CMB 3-point functions generated by non-linearities at recombination

Abstract

We study the 3-point functions generated at recombination in the squeezed triangle limit, when one mode has a wavelength much larger than the other two and is outside the horizon. The presence of the long wavelength mode cannot change the physics inside the horizon but modifies how a late time observer sees the anisotropies. The effect of the long wavelength mode can be divided into a redefinition of time and spatial scales, a Shapiro time delay and gravitational lensing. The separation is gauge dependent but helps develop intuition. We show that the resulting 3-point function corresponds to an f_NL < 1 and that its shape is different from that created by the f_NL (or local) model.

Figures (4)

• Figure 1: Signal to noise as a function of the maximum $l$ for an ideal, cosmic variance limited experiment. Dashed line: space redefinition effect. Continuous thin line: isotropic lensing effect. Thick line: total effect.

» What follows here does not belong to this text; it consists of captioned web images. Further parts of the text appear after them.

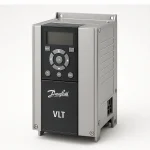 DANFOSS; 175Z0813; AC DRIVE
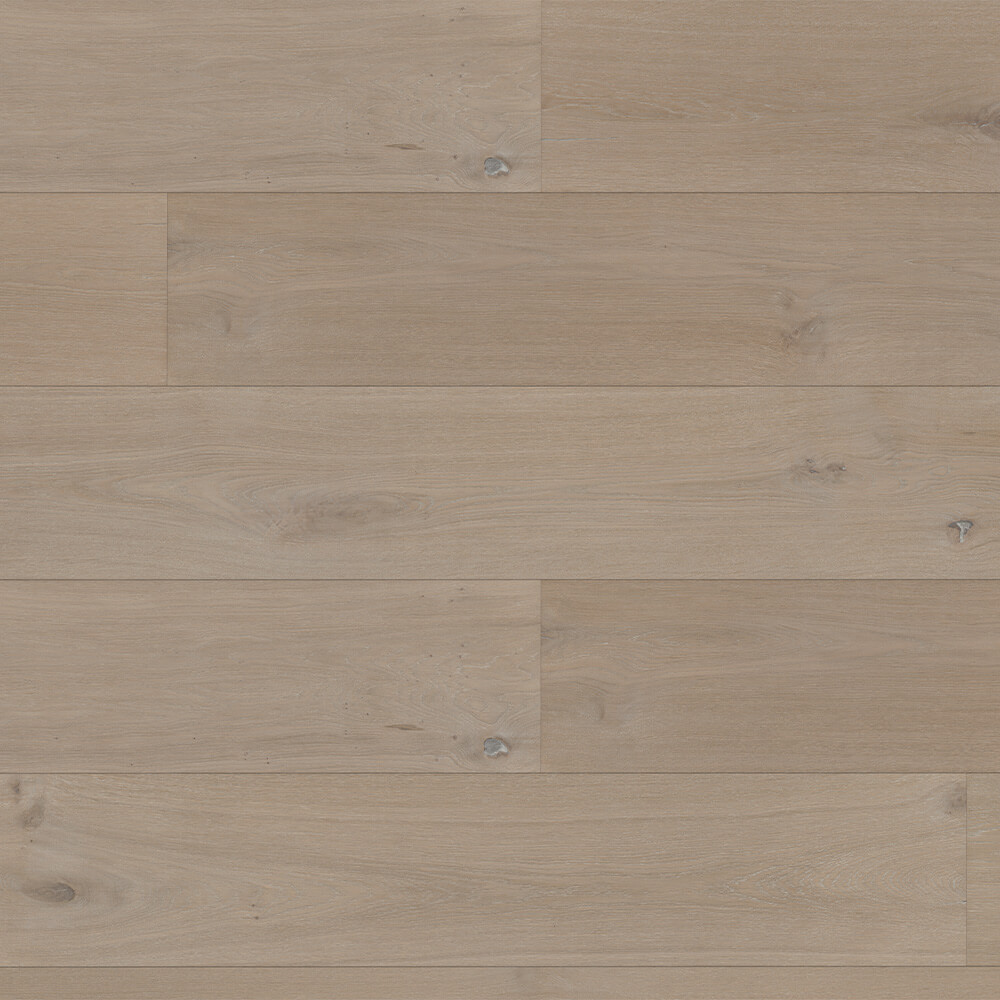 Fußboden, Bodenbeläge, Holz, Innenarchitektur, Hartholz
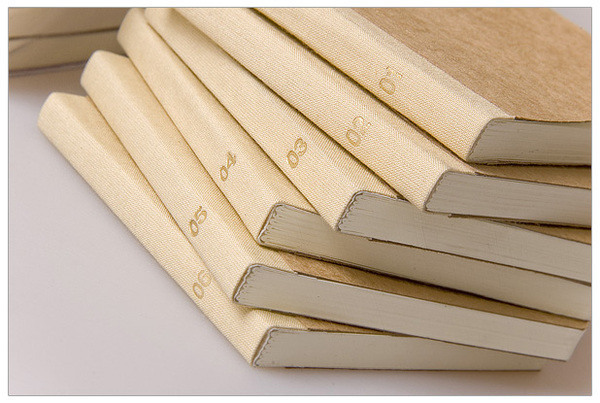 originality，industrial design，User experience，product design，to work in an office，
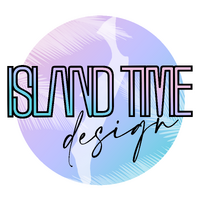 Island Time Design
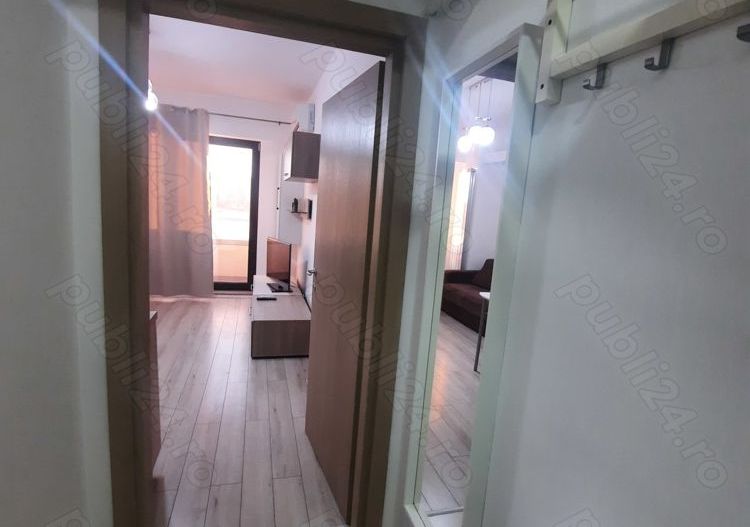 Novum de inchiriat - Poză 2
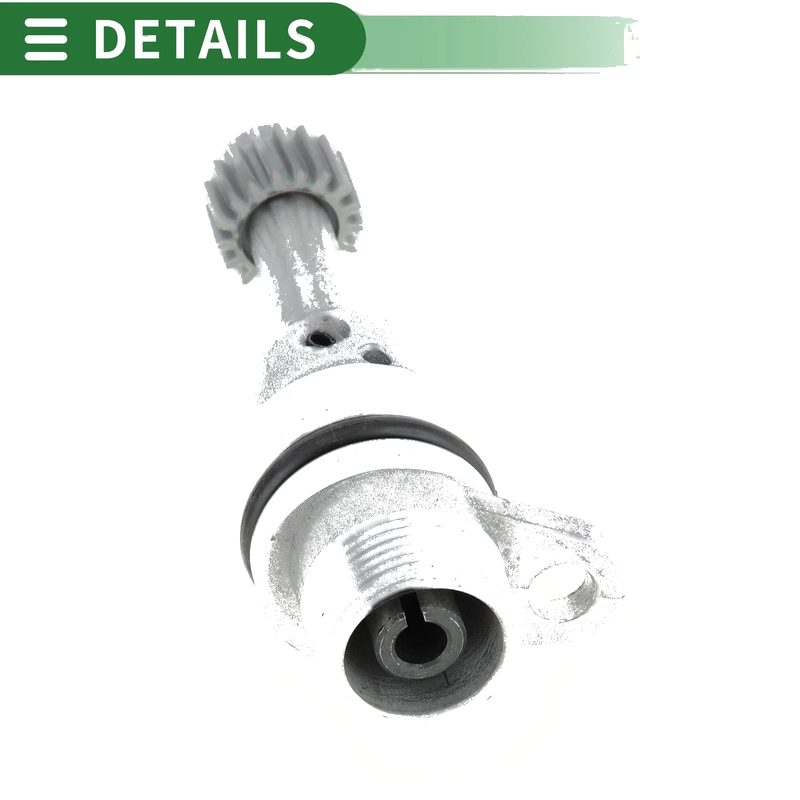Hyundai Starex Transmission Speedometer Sensor (2001-2007)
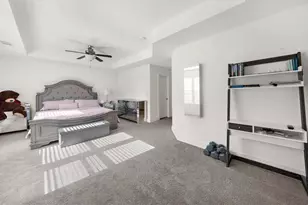 200 N Auburn Landing Pl, Auburn, GA 30011 - Photo 42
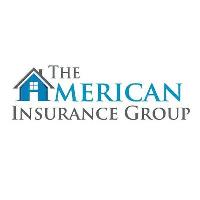 The American Insurance Group, LLC image 1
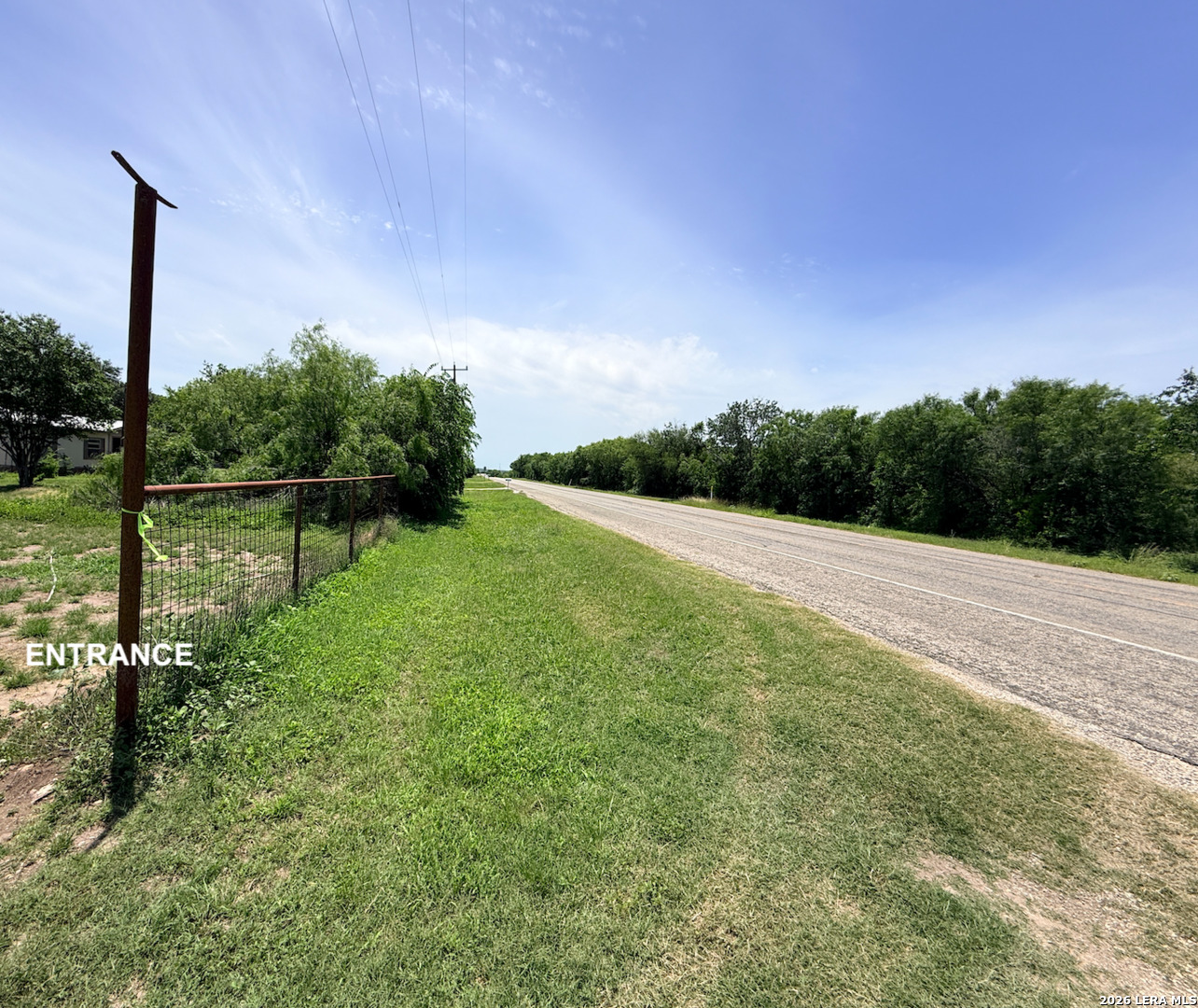 1 ACRE FM 471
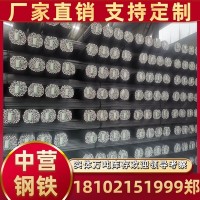 現貨批發三級螺紋鋼 熱軋帶助鋼筋 HRB400E 盤圓 盤螺 線材可加工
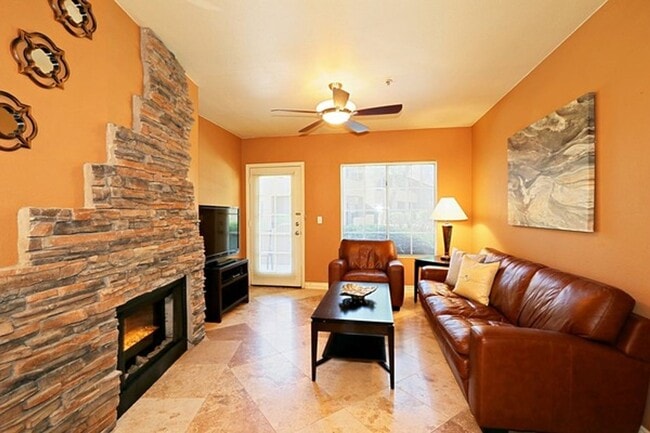 Building Photo - Furnished North Scottsdale Condo off the 101 loop!!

We see that the total signal to noise is smaller than the individual contributions as the two effects partially cancel. The parameters of the cosmological model we used were: $\Omega_b=0.045$, $\Omega_c=0.255$, $\Omega_\Lambda=0.7$, $h=0.7$ and $\sigma_8=0.85$.
• Figure 2: Signal to noise for the anisotropic lensing contribution (thick line) compared to the sum of the isotropic contributions (thin line) as a function of the maximum $l$ for an ideal, cosmic variance limited experiment. The anisotropic effect has a bigger signal to noise. Cosmological parameters are the same as in the previous figures.
• Figure 3: Signal to noise for the TTE (continuous line) and TEE (dashed line) correlators as a function of the maximum $l$ for an ideal, cosmic variance limited experiment. Cosmological parameters are the same as in the previous figures.
• Figure 4: Signal to noise for the TTB (continuous line) and TEB (dashed line) correlators as a function of the maximum $l$ for an ideal, cosmic variance limited experiment. Cosmological parameters are the same as in the previous figures.